Guest Lecture: Gananath Obeyesekere's "The Tower — The Long Night of Carl Jung’s Cosmic Vision"
Gananath Obeyesekere is Professor Emeritus of Anthropology at Princeton University. Among his numerous academic awards is the Thomas Huxley medal, which is given by the Royal Anthropological Institute and is listed as “the highest honor at the disposal of the Institute”. Obeyesekere has been a Guggenheim Fellow and a Suntory-Toyota Fellow (STICERD) at the London School of Economics. His book on Captain Cook won the Louis Gottschalk Prize in 1993, awarded by the American Society for Eighteenth Century Studies. Presently, he is in California to receive a lifetime award from the Society for Psychological Anthropology.
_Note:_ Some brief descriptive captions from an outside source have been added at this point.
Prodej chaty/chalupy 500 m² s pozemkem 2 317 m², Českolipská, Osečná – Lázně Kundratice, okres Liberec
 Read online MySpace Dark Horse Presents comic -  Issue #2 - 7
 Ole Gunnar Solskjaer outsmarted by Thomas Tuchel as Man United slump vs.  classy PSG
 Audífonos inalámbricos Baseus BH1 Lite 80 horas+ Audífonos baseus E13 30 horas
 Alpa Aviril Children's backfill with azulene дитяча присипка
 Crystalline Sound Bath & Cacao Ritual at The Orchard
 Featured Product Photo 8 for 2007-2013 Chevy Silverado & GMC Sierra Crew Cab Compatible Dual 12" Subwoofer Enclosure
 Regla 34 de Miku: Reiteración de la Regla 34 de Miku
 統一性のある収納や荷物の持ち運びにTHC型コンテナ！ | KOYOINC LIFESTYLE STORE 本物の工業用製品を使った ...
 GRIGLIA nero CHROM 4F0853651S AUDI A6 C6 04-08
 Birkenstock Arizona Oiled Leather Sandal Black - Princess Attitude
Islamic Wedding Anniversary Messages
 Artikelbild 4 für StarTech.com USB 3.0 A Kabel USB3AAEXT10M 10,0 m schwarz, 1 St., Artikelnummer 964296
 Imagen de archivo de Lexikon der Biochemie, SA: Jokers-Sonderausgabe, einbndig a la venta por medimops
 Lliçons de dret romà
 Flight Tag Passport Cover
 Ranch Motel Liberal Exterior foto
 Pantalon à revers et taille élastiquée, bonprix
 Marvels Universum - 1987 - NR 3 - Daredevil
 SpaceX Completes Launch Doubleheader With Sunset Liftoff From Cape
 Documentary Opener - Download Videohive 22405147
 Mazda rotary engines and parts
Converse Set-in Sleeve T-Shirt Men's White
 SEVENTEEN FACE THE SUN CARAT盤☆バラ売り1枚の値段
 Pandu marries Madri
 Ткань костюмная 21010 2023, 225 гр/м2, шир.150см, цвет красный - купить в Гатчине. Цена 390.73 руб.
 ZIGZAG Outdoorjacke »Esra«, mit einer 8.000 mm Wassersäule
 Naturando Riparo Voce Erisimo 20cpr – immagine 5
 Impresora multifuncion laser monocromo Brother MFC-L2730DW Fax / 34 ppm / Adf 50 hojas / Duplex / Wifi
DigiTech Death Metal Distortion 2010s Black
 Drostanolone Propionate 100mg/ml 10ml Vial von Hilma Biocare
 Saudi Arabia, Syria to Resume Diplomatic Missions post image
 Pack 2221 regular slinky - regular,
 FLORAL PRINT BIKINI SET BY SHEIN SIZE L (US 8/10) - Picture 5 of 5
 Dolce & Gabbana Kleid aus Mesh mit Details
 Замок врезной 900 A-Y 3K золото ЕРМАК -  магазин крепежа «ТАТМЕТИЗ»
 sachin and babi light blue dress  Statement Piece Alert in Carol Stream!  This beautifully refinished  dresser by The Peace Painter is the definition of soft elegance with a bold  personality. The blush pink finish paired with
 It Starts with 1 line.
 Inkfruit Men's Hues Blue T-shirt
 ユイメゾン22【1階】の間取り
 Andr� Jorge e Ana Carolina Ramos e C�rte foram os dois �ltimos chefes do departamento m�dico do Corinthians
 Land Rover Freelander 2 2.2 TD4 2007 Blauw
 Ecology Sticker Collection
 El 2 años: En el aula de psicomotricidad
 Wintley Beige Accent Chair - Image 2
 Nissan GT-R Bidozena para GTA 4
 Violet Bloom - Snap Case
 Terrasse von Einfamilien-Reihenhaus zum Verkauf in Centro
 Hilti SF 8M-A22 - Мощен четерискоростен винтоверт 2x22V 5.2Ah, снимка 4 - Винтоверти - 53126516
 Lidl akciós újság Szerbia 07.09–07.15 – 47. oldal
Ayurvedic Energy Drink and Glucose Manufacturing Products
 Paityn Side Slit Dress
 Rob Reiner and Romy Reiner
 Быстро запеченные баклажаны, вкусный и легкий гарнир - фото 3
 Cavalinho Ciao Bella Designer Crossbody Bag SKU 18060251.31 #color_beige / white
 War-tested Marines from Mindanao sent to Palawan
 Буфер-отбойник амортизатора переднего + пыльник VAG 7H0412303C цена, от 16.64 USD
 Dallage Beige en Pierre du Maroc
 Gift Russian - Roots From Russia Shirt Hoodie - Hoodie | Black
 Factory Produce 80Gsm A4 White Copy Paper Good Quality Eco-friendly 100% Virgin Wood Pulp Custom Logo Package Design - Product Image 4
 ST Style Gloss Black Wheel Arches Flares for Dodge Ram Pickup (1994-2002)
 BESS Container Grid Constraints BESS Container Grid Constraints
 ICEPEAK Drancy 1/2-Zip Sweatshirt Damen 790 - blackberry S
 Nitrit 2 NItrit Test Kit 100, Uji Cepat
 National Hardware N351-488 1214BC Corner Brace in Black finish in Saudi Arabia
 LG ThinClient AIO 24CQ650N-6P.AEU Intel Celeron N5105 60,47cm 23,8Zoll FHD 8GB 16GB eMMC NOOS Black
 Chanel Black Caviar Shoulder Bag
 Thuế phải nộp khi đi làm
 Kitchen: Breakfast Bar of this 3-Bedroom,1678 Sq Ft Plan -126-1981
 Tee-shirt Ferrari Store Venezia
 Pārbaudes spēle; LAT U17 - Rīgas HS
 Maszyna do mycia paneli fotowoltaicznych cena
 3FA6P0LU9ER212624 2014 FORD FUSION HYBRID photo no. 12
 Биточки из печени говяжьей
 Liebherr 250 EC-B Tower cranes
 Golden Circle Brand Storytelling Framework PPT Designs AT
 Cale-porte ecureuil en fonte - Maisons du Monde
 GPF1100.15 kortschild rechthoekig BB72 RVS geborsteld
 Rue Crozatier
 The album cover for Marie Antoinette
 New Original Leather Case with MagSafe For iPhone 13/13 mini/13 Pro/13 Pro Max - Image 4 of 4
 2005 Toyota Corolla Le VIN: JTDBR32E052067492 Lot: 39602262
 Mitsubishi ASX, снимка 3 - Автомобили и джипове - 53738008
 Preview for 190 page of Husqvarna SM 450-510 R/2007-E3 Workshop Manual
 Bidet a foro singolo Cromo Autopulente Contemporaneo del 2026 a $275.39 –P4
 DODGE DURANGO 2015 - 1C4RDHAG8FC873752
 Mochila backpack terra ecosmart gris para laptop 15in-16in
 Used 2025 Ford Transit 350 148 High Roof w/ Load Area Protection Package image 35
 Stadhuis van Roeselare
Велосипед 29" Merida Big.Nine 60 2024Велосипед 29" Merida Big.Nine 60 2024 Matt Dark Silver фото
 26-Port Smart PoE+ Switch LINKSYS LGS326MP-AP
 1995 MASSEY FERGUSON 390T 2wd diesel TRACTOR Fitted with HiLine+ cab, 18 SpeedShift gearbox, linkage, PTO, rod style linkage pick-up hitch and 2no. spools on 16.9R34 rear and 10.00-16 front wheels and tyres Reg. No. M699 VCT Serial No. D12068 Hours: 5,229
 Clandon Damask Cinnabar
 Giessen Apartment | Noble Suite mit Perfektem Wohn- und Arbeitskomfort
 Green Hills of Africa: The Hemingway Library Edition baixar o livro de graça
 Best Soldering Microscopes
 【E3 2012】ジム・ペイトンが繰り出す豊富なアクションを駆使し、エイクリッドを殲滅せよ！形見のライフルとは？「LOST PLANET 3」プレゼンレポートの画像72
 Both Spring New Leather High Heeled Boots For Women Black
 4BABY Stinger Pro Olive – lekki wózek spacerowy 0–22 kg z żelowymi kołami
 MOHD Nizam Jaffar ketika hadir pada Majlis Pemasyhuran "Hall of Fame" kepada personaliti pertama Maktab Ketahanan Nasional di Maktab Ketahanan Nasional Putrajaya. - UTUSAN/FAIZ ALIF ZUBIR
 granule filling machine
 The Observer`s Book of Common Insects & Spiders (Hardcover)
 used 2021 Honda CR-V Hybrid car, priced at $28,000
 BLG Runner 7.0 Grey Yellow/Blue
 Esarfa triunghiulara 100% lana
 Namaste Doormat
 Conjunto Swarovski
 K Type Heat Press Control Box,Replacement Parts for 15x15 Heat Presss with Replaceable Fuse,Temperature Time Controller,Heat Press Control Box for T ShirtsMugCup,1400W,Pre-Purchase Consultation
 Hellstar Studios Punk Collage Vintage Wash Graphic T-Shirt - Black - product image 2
Obeyesekere has published over 100 scholarly articles and nine books: Land Tenure in Village Ceylon, Cambridge University Press, 1967 (reprinted 2008); Medusa’s Hair: An Essay on Personal Symbols and Religious Experience, University of Chicago Press, 1981; The Cult of the Goddess Pattini, Chicago, 1984; Buddhism Transformed; Religious Change in Sri Lanka (with Richard Gombrich), Princeton University Press, 1988; The Work of Culture: Symbolic Transformations in Psychoanalysis and Anthropology, Chicago, 1990; The Apotheosis of Captain Cook: European Mythmaking in the Pacific, Princeton, 1992 (enlarged edition 1997); Imagining Karma: Ethical Transformation in Amerindian Buddhist and Greek Rebirth, University of California Press, 2002; Cannibal Talk: The Man-eating Myth and Human Sacrifice in the South Seas, California, 2005; The Awakened Ones: A Phenomenology of the Visionary Experience (completed manuscript is under review by Columbia University Press).